*What is being asked*:
All lines from the opening of the entries below through the line containing "New York, New" must be output exactly as they appear, with no other lines.
▶
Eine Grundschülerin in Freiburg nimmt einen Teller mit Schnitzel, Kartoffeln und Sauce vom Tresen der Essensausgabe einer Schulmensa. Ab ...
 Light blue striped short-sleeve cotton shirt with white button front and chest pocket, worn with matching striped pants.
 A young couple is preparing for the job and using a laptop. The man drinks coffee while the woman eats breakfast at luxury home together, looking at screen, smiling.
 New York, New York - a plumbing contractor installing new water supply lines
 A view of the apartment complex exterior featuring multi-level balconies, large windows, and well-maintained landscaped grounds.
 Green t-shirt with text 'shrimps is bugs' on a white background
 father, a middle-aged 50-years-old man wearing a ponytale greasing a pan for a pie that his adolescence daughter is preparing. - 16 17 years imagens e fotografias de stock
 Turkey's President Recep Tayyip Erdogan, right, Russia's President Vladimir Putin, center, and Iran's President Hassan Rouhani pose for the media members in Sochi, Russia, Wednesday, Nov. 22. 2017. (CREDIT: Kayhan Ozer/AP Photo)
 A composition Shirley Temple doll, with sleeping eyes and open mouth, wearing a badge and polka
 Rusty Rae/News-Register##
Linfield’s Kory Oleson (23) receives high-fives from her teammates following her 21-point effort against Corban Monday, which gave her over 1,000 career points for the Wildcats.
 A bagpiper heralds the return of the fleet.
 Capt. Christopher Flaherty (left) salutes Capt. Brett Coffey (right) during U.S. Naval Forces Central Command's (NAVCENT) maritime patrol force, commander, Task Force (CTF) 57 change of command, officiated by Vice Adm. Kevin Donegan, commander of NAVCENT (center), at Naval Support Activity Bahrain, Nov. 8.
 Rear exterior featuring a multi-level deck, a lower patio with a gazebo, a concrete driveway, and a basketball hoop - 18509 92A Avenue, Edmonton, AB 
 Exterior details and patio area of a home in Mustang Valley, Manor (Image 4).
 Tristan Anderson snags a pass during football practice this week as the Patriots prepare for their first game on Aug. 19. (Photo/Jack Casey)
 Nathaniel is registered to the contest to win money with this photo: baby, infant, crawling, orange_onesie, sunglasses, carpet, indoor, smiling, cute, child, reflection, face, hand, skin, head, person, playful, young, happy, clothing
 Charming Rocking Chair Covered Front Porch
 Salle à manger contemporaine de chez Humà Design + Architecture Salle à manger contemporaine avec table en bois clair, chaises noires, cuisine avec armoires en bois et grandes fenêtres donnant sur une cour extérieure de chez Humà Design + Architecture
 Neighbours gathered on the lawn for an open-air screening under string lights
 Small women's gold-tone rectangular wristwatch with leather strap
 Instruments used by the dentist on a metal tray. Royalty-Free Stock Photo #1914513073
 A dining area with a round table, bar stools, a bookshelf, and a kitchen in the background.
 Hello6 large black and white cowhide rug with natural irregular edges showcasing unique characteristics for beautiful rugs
◀
*Reply*:
Eine Grundschülerin in Freiburg nimmt einen Teller mit Schnitzel, Kartoffeln und Sauce vom Tresen der Essensausgabe einer Schulmensa. Ab ...
 Light blue striped short-sleeve cotton shirt with white button front and chest pocket, worn with matching striped pants.
 A young couple is preparing for the job and using a laptop. The man drinks coffee while the woman eats breakfast at luxury home together, looking at screen, smiling.
 New York, New York - a plumbing contractor installing new water supply lines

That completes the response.